La segunda consideración es de naturaleza socioeconómica: la aplicación del IVA, con todos los defectos que se han señalado, crea en el mercado interior disparidades de tratamiento entre los ciudadanos / consumidores que son precisamente lo contrario de esa política de cohesión de la que tanto se habla pero que todavía arrastra un elevado número de excepciones a la regla. Es necesario, pues, proceder a una revisión también desde este punto de vista.

Bruselas, 28 de abril de 2004.

El Presidente

del Comité Económico y Social Europeo

Roger BRIESCH


(1)  COM(2003) 822 final – 2003/0329 (CNS).

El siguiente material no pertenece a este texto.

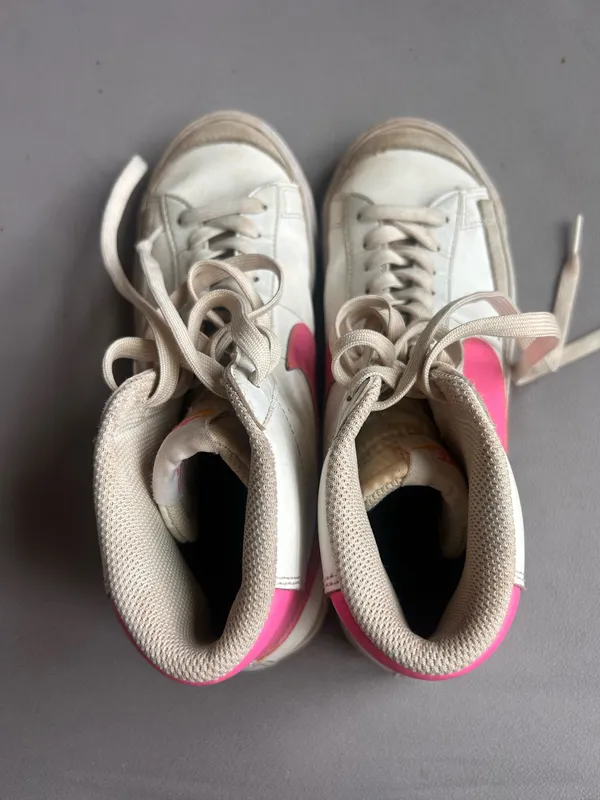 Pink Nike blazers - Image 5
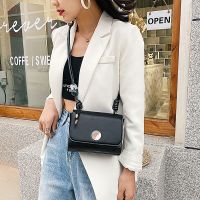 This years popular ins super hot high-end sense net red small black square bag women 2023 new trendy crossbody all-match 【BYUE】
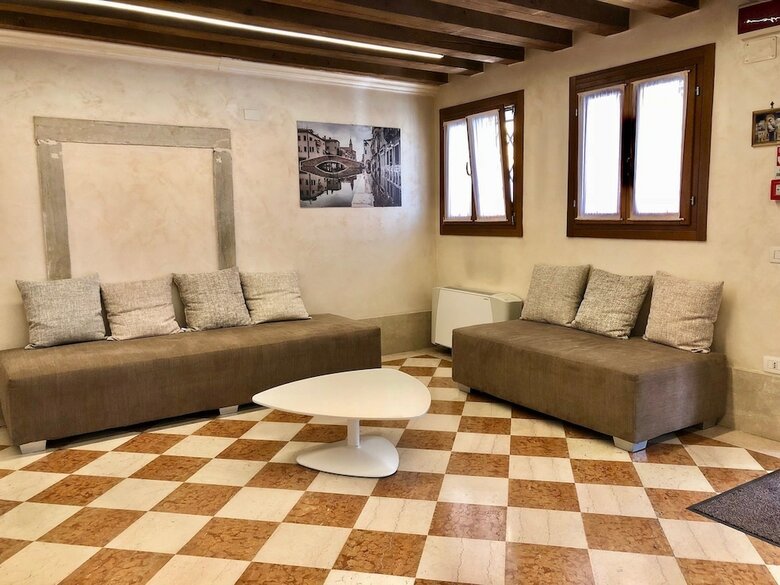 Hostal Domus Clugiae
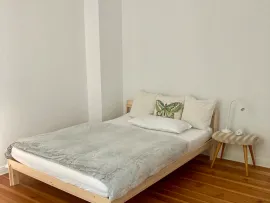 Location Mommsenstraße, Berlin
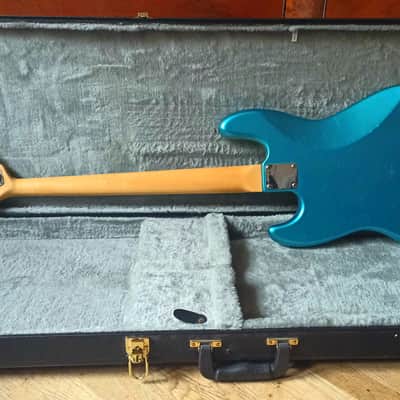 Fender Jazz bass 1973 Lake placid blue refin image 4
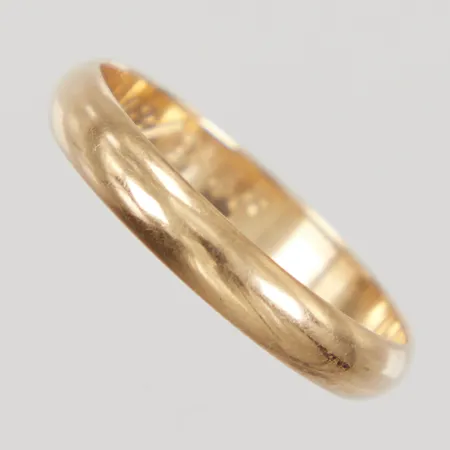 Ring, stl 21, bredd 3,9mm, gravyr, Rosins Ringar år 1985, 18K,  Vikt: 3,6 g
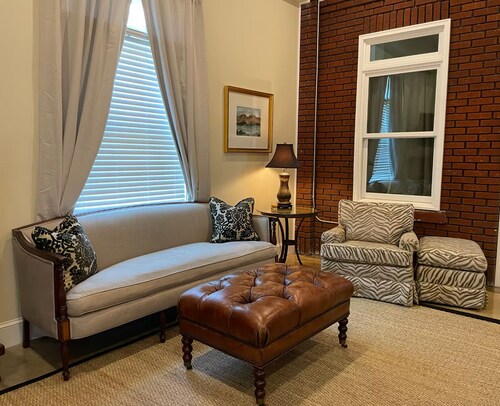 Cozy studio in a vintage 1930’s Gulf Gas Station in charming Thomasville GA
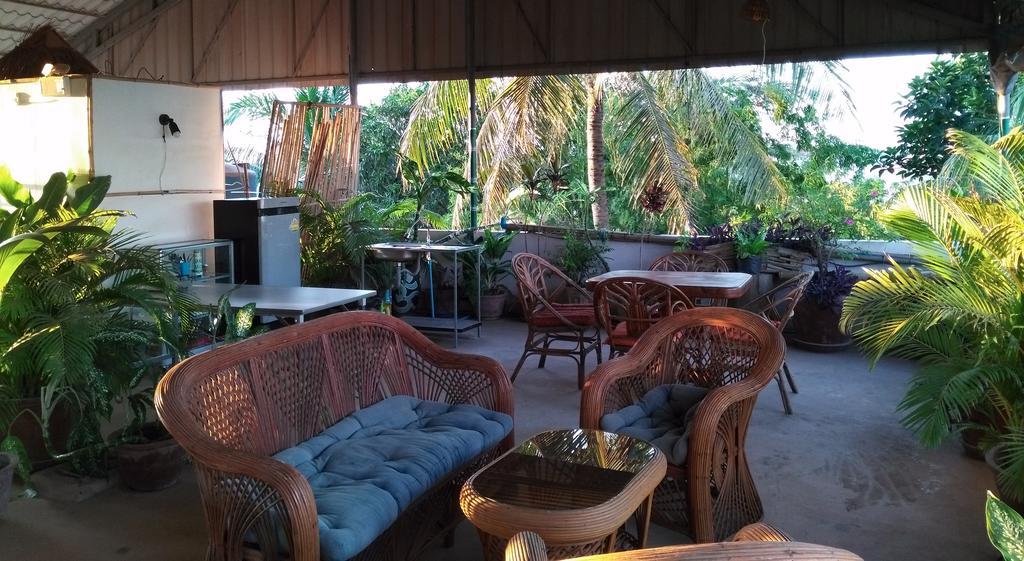 Firefly Guesthouse - The Berlin Angkor Siem Reap Extérieur photo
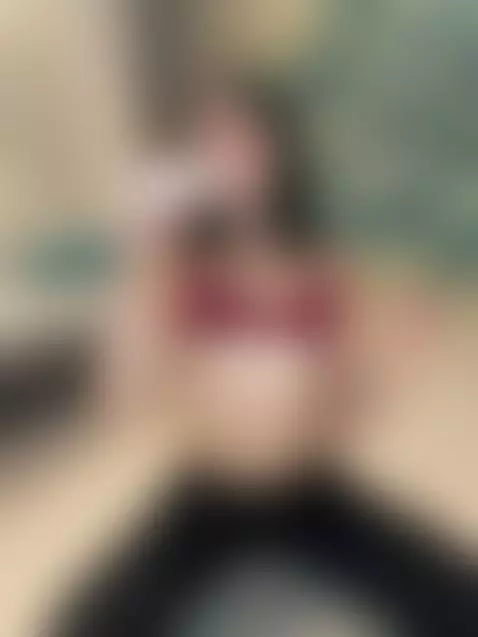 It’s not your fault — this sub was made to ruin you 😇
Click ... by darianaaaa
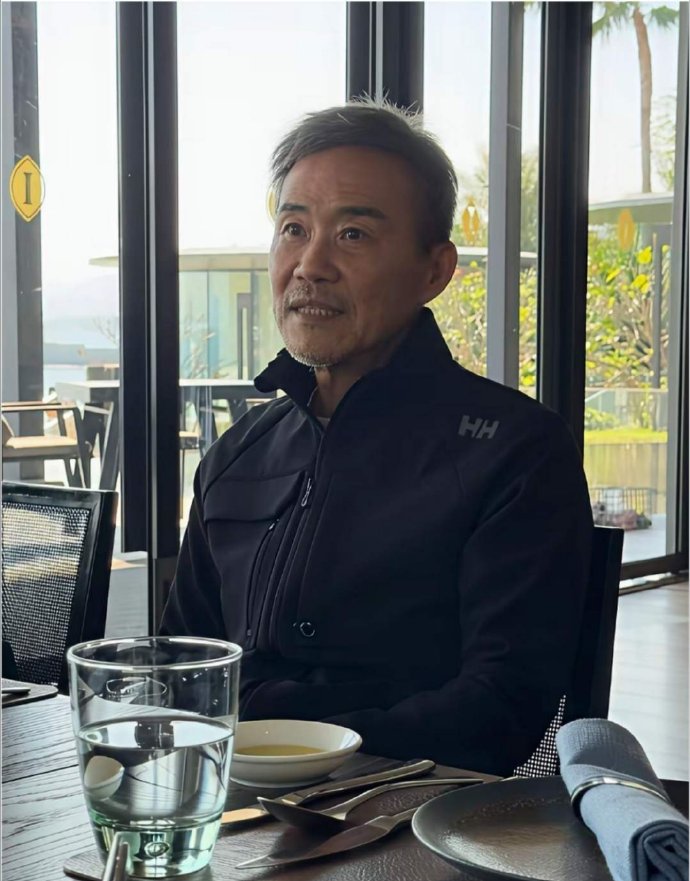 75岁王石和朋友聚餐，身材维持得挺好，不驼背弓腰，还挺显年轻的​​​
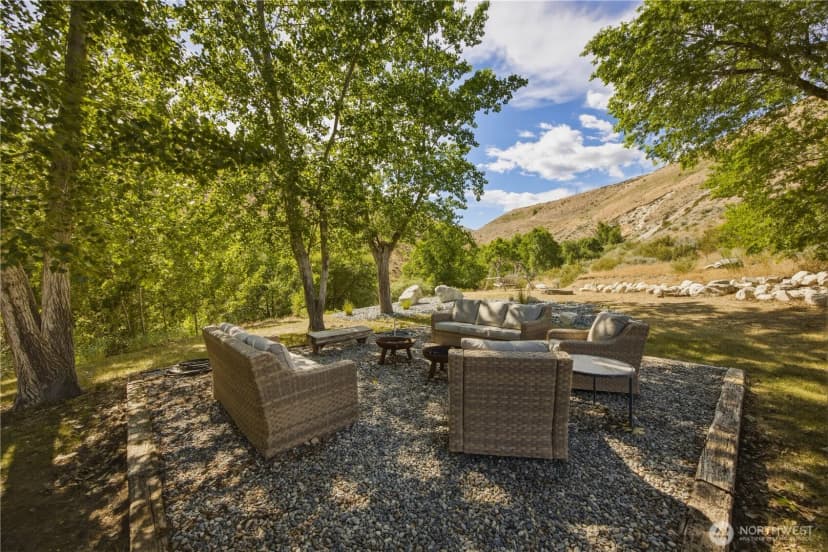Property photo for 25505 C Us Hwy 97, Pateros photo 27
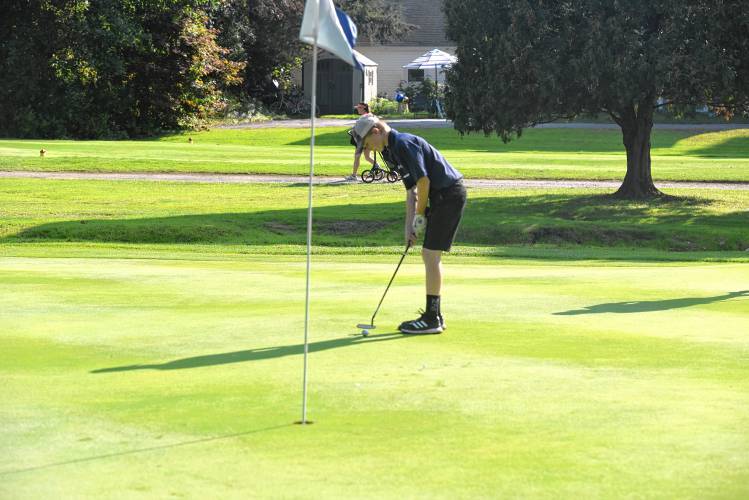Franklin Tech's Braeden Talbot putts on Hole No. 1 in a match against Hopkins at Thomas Memorial on Thursday.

(2)  Dictamen CESE: DO C 193 de 10.7.2001, p. 45.


ANEXO

Lista de las prestaciones citadas en la letra c) del apartado 2 del artículo 9

c)

el lugar de las prestaciones de servicio que tengan por objeto

actividades culturales, artísticas, deportivas, científicas, docentes o similares, incluidas las de los organizadores de las mismas, así como, llegado el caso, las prestaciones de los servicios accesorios propios de dichas actividades;

las actividades accesorias propias de los transportes, tales como carga, descarga, mantenimiento y similares;

informes periciales sobre cosas muebles corporales;

trabajos relacionados con cosas muebles corporales;

será el lugar en que estas prestaciones sean materialmente realizadas;

Lista de las prestaciones citadas en la letra e) del apartado 2 del artículo 9

e)

el lugar de las siguientes prestaciones de servicios, hechas a personas establecidas fuera de la Comunidad, o a sujetos pasivos establecidos en la Comunidad, pero fuera del país de quien los preste, será el lugar en que el destinatario de dichos servicios tenga establecida la sede de su actividad económica o posea un establecimiento permanente al que vaya dirigida la prestación o, en defecto de una u otro, el lugar de su domicilio o de su residencia habitual:

las cesiones y concesiones de derechos de autor, patentes, licencias, marcas de fábrica y comerciales y otros derechos similares,

las prestaciones de publicidad,

las prestaciones de los consejeros, ingenieros, gabinetes de estudios, abogados, expertos contables y otras prestaciones similares, así como el tratamiento de datos y el suministro de informaciones,

las obligaciones de no ejercer total o parcialmente una actividad profesional o uno de los derechos mencionados en este apartado e),

las operaciones bancarias, financieras y de seguro, incluidas las de reaseguro, a excepción del alquiler de cajas de seguridad,

las prestaciones consistentes en cesiones de personal,

las prestaciones de servicios realizadas por los intermediarios que actúan en nombre y por cuenta de otro, cuando éstos intervengan en el suministro de las prestaciones de servicios enunciadas en este apartado e),

el arrendamiento de bienes muebles corporales, con la excepción de cualquier medio de transporte,

servicios de telecomunicaciones. Se considerará que los servicios de telecomunicaciones son servicios relativos a la transmisión, emisión y recepción de señales, textos, imágenes y sonidos o información de cualquier naturaleza mediante hilo, radio, medios ópticos u otros medios electromagnéticos, incluida la correspondiente transferencia y concesión del derecho de utilización de los medios para tal transmisión, emisión o recepción;

los servicios de telecomunicaciones en el sentido de la presente disposición incluirán asimismo la disposición de acceso a las redes de información mundiales;

los servicios de radiodifusión y de televisión;

las prestaciones de servicios efectuadas por vía electrónica, entre otras las que se citan en el Anexo L.